The word finances makes many newly-married couples cringe in fear. While everyone recommends budgeting, saving, watching credit scores, and tracking financial growth, these tasks bring with them extra time and energy demands that are often unrelenting. New and old families alike know they are supposed to do those things, but often do not know how to get started. And that is where the age of technology comes in! Over the past few months I have been using a very popular mobile app called Mint by Intuit to help me wrangle in those pesky tasks and hopefully plot a course of financial security. I will be going through some pros and cons of this service and hopefully allow those looking for a way to budget efficiently decide if this product is the right choice for them.
- The user base is huge! To be honest, the reason that I am reviewing Mint is that it was one of the first apps that showed up when I searched for budgeting tools on the iOS app store. The good news is when an app has a large active user base, the company that manages that platform is more likely to keep the app up-to-date and to respond to suggestions and emerging technologies. This puts users in a good spot since they know that they are syncing their personal financial information with a widely used and respected service and not some shady back-alley app.
- It is free! This has to be on this list. An app gets put in many people’s good graces, including mine, when it can be downloaded for free. And the free train doesn’t stop there; the service does not have any premium or “pro” features that require a subscription service, meaning it is a truly free app—not one of those sneaky mostly-free ones.

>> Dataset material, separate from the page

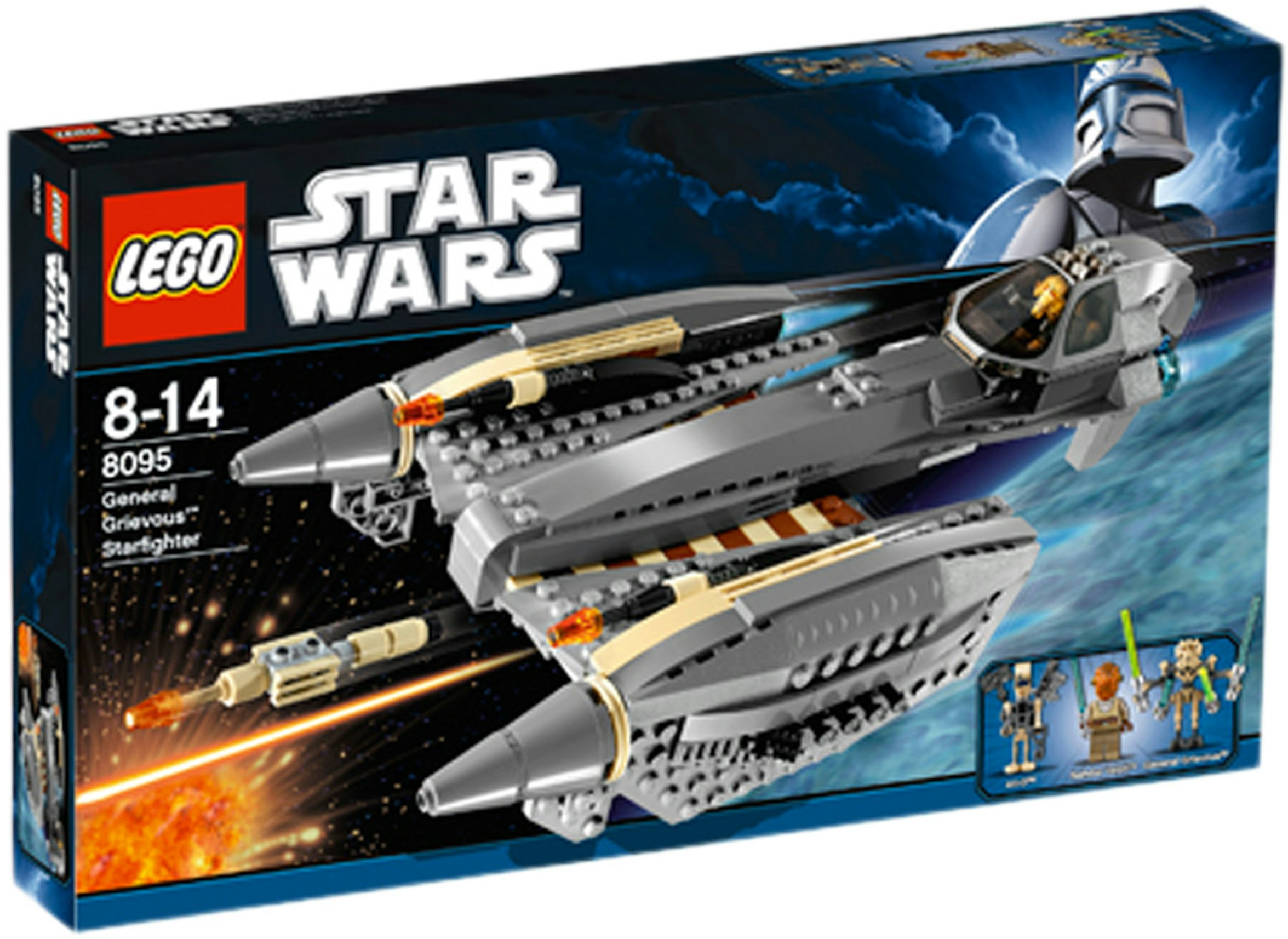 Nævne Centimeter Triumferende LEGO Star Wars General Grievous' Starfighter Set 8095 - US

- Automated! Using technology is supposed to make life easier, right? Well in this case, the answer is yes! Once you sync your bank account to this secure application, Mint does the rest! It creates charts and tracks spending patterns automatically and religiously. Before using this app I did not know to the exact percentage point what I was spending on entertainment, but now I do. With the information that is ready at your fingertips immediately after signing up, it is simple to start making plans and adjusting habits to align better with your financial goals. My wife and I were able to see that we were doing super well on some categories (food, clothes, and movies) but could use some work on others (eating out).
- Ads. While the service is completely free, we do live in a world where money, unfortunately, does not grow on trees. As such, Intuit has decided to display banner style ads throughout the app and saturate the “Suggested Investment Products” feature of the app with its own systems. So while I revel in the app’s freeness, I do note that purchasing any other services strictly from the in-app recommendations without any third party advice is probably not the most recommended course of action.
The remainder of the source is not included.